=== Provided records ===

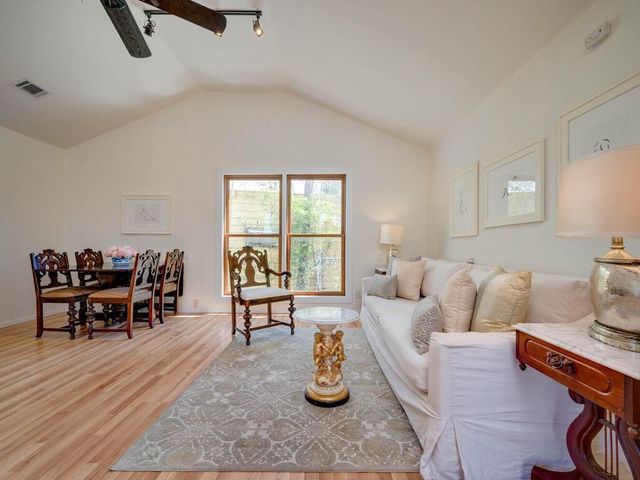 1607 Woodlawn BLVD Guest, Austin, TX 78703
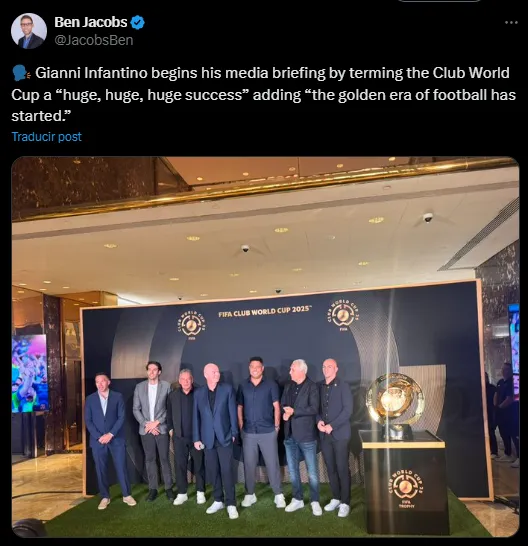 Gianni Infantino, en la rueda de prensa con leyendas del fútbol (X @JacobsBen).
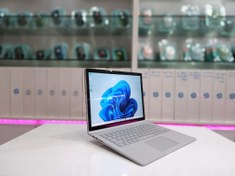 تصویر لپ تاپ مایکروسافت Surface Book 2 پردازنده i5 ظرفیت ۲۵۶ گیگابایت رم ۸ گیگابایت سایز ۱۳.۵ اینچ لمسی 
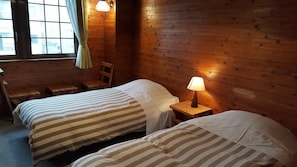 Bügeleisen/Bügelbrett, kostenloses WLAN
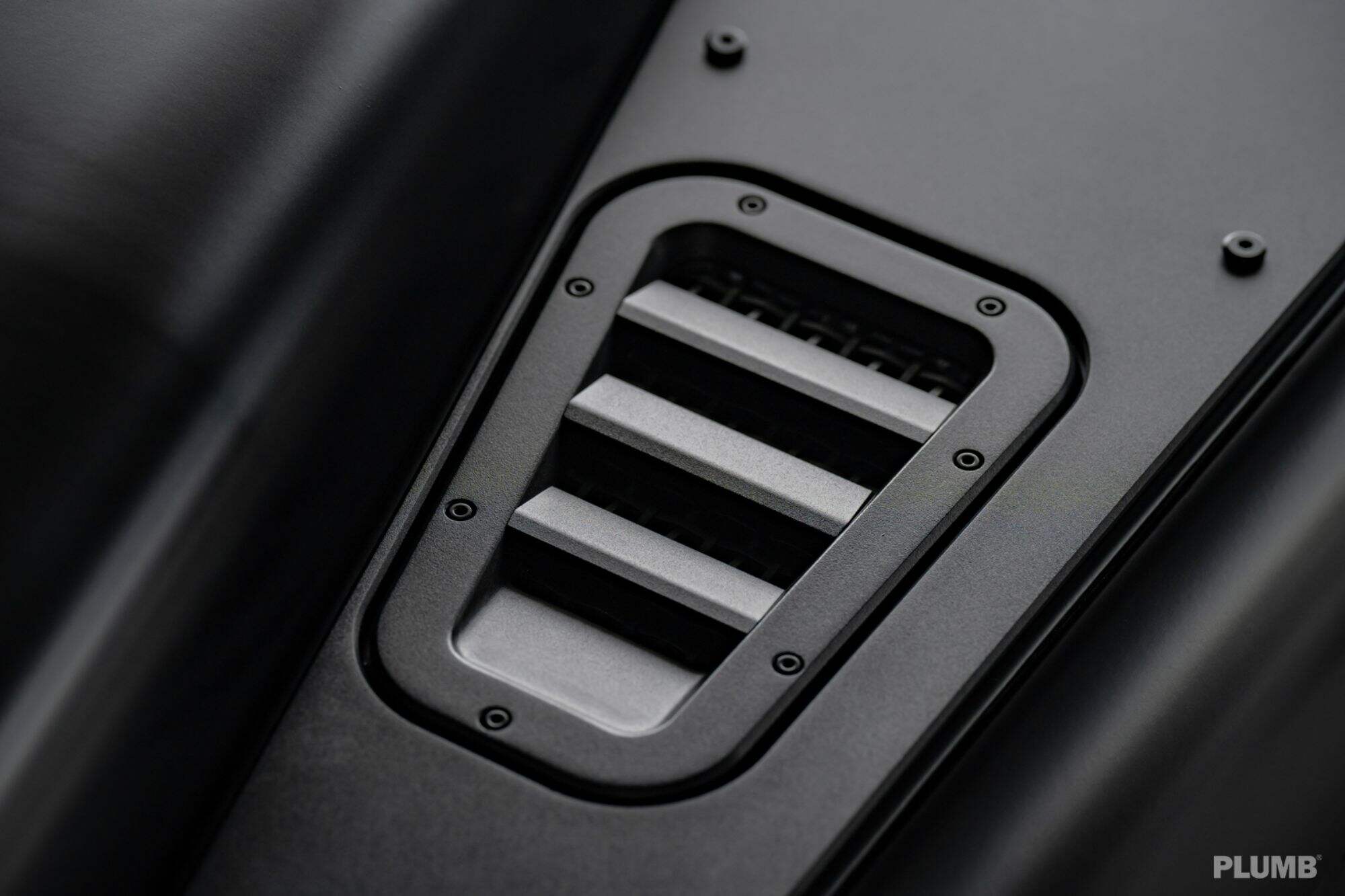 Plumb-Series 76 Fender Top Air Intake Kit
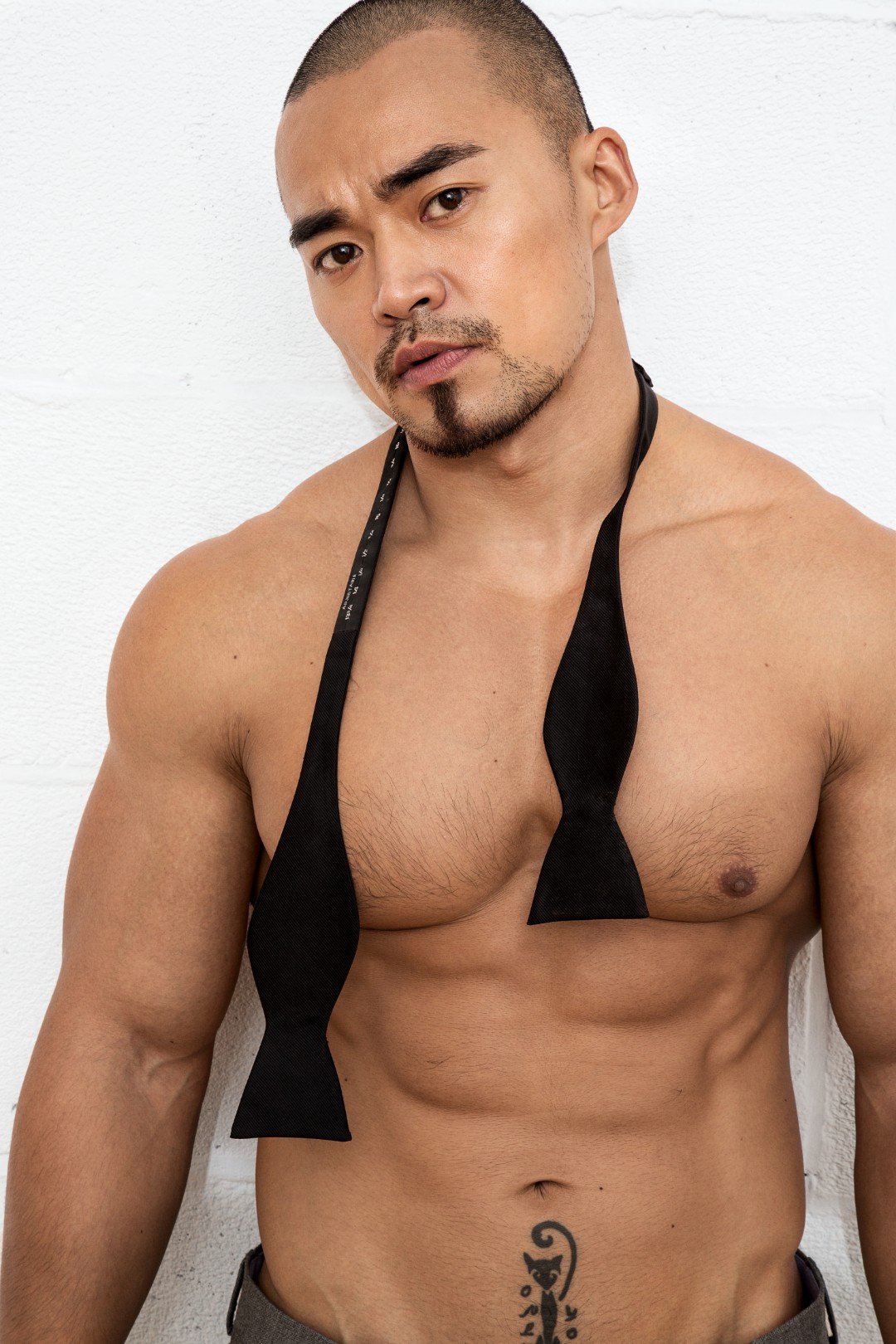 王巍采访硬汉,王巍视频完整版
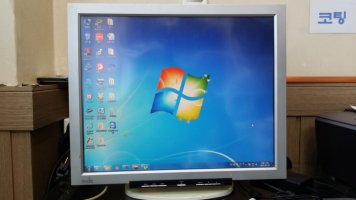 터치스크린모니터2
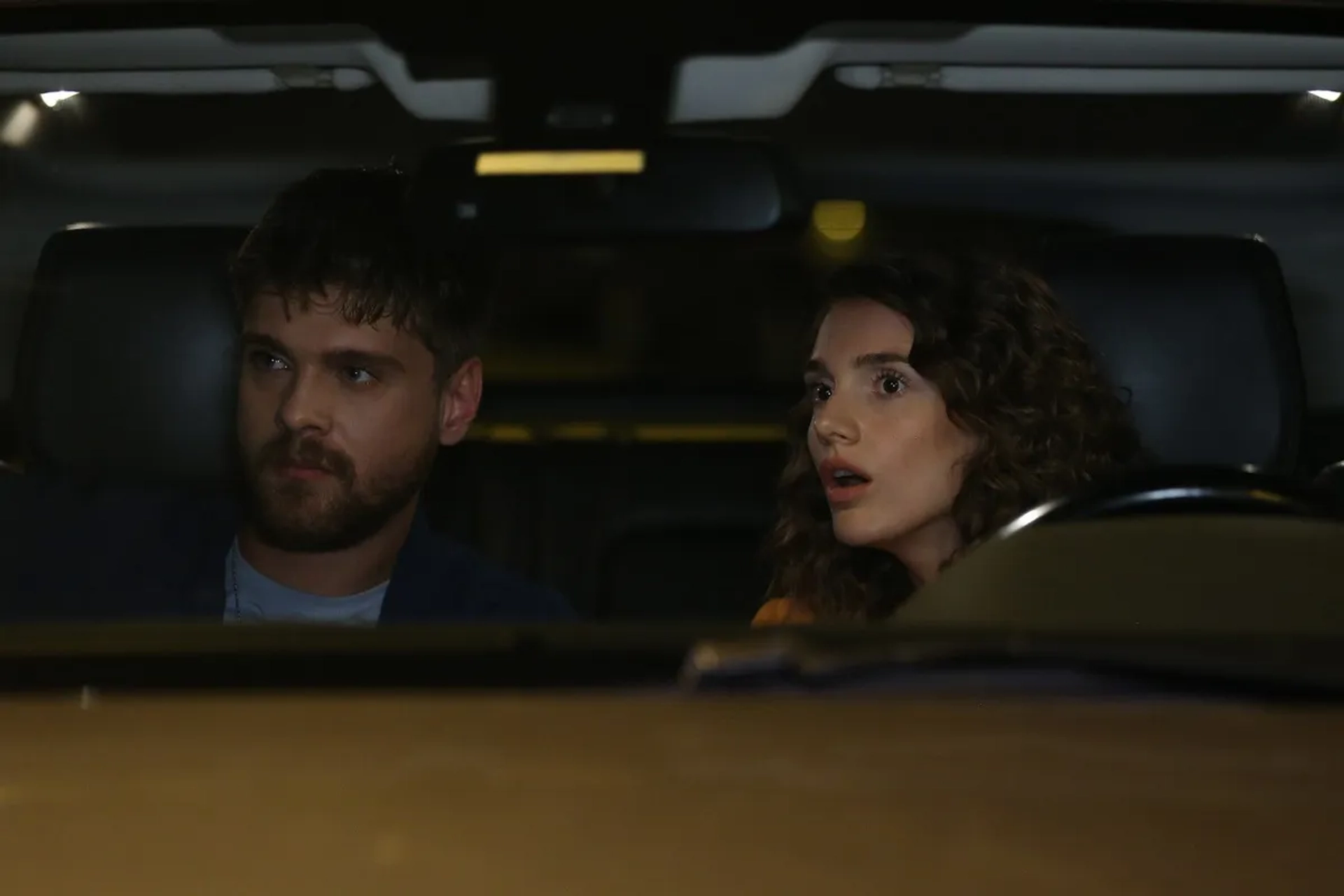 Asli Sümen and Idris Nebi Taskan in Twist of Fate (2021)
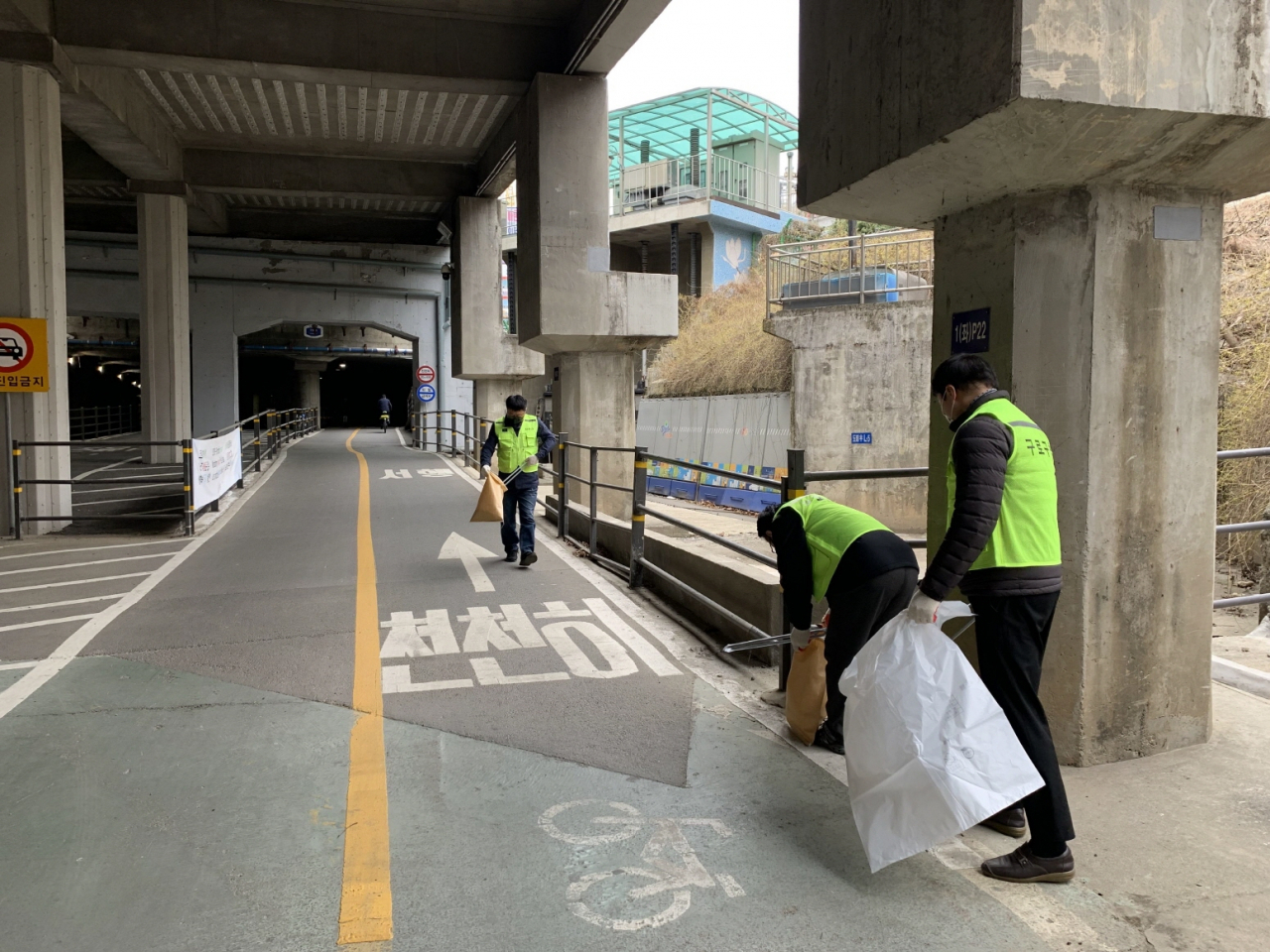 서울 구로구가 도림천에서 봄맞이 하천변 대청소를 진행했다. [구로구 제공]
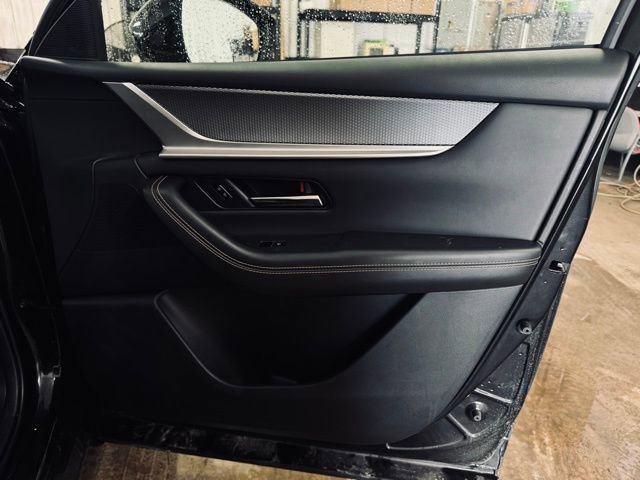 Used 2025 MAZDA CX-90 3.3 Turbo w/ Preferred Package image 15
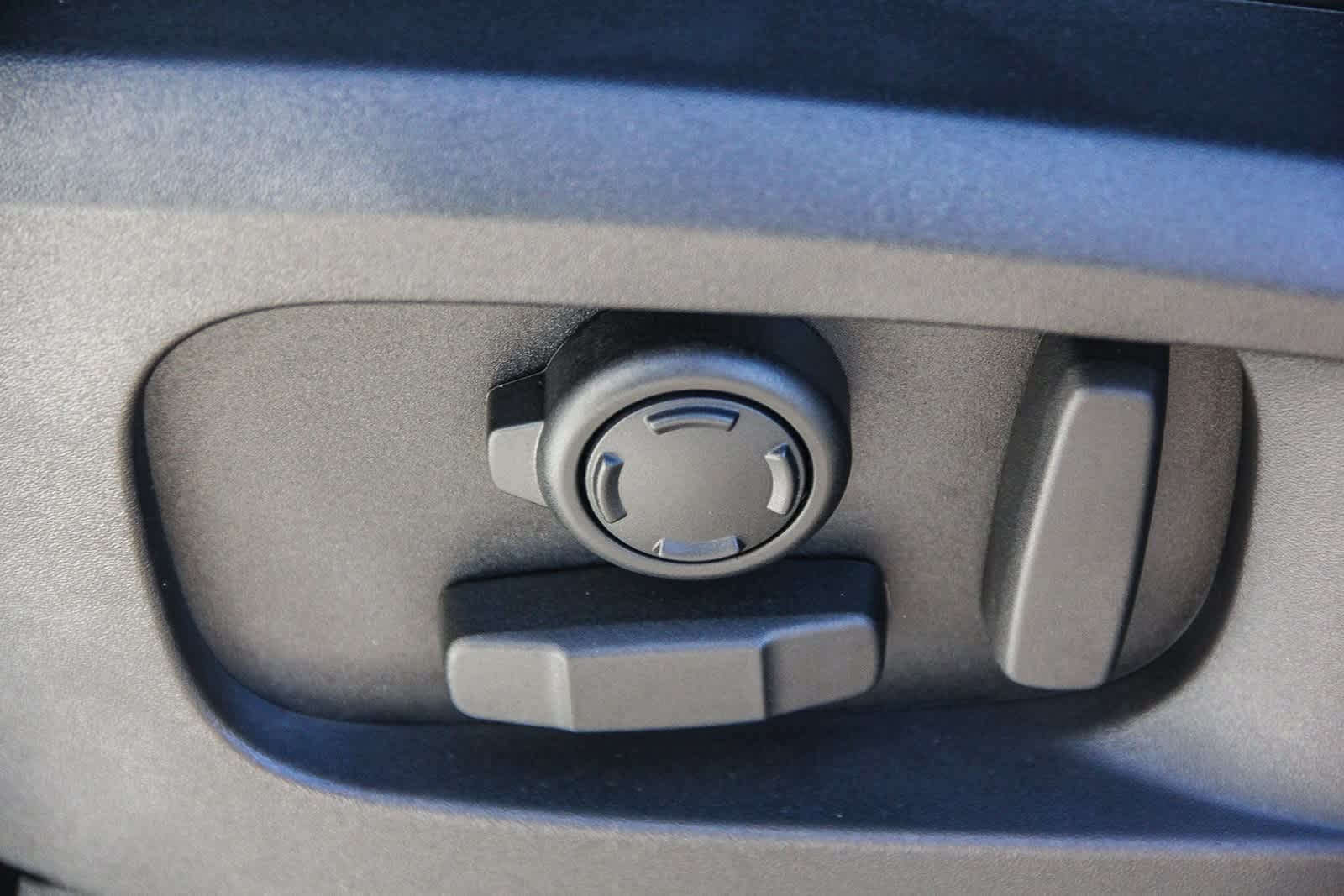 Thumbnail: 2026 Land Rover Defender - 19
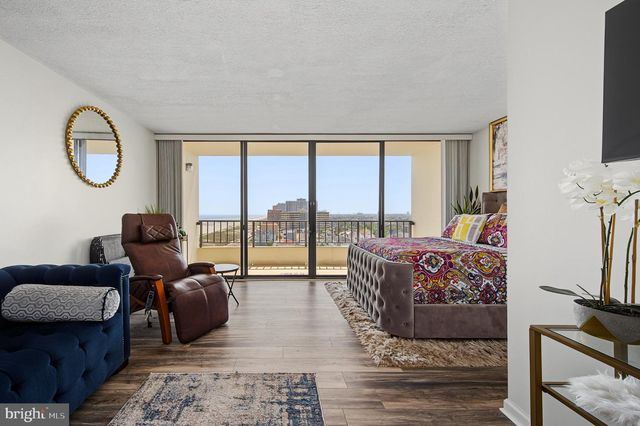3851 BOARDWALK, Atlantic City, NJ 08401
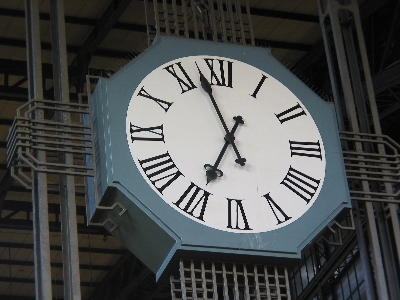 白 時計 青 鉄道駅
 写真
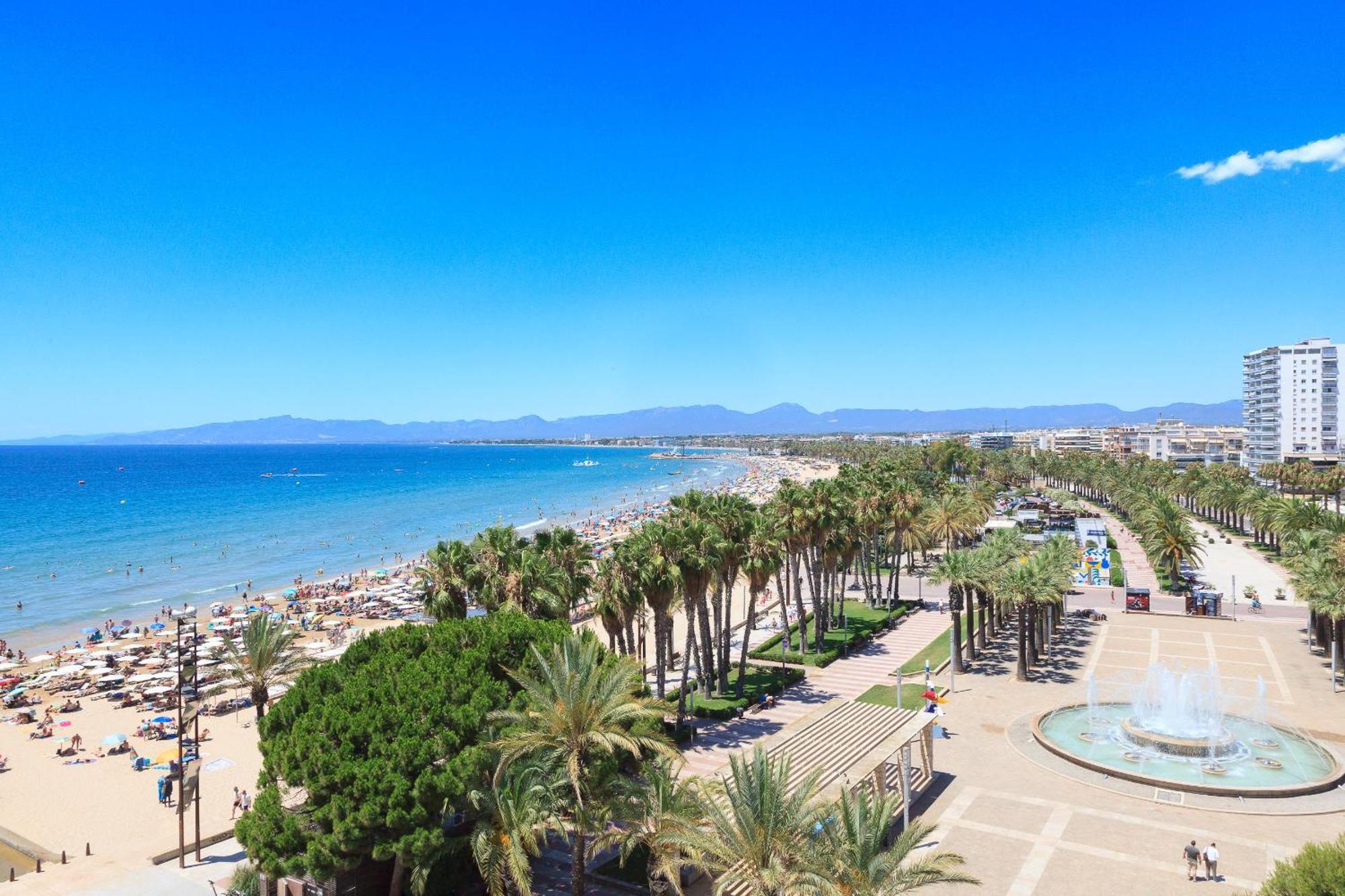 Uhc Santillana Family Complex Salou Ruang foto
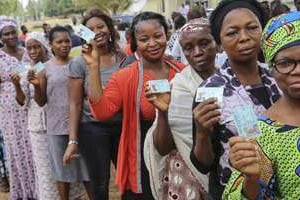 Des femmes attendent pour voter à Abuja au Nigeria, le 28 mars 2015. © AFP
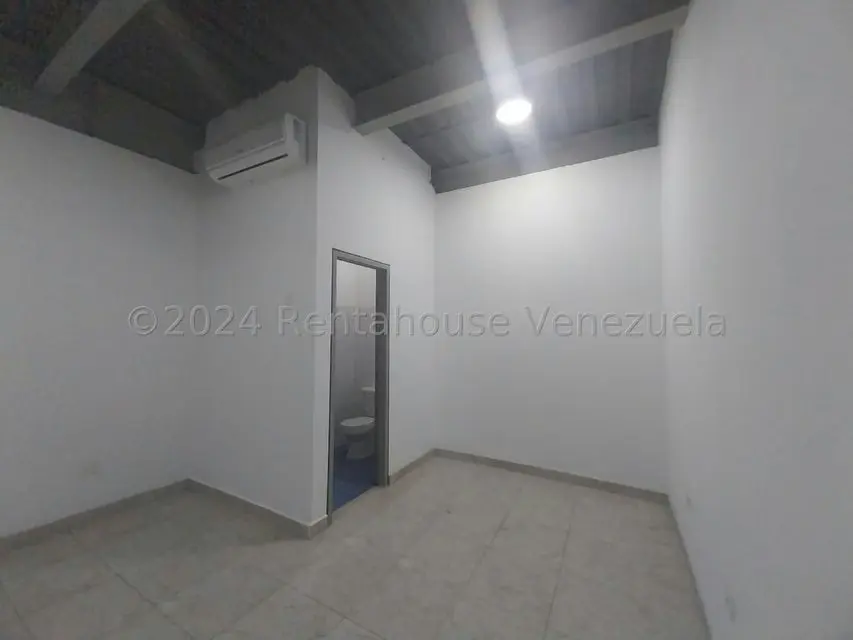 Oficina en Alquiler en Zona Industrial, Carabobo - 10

===

=== Task statement ===
Return only the lines that start at the line containing "Des femmes attendent" and finish at the last line of the entries, exactly as written and without pictures.

=== Task output ===
 Des femmes attendent pour voter à Abuja au Nigeria, le 28 mars 2015. © AFP
 Oficina en Alquiler en Zona Industrial, Carabobo - 10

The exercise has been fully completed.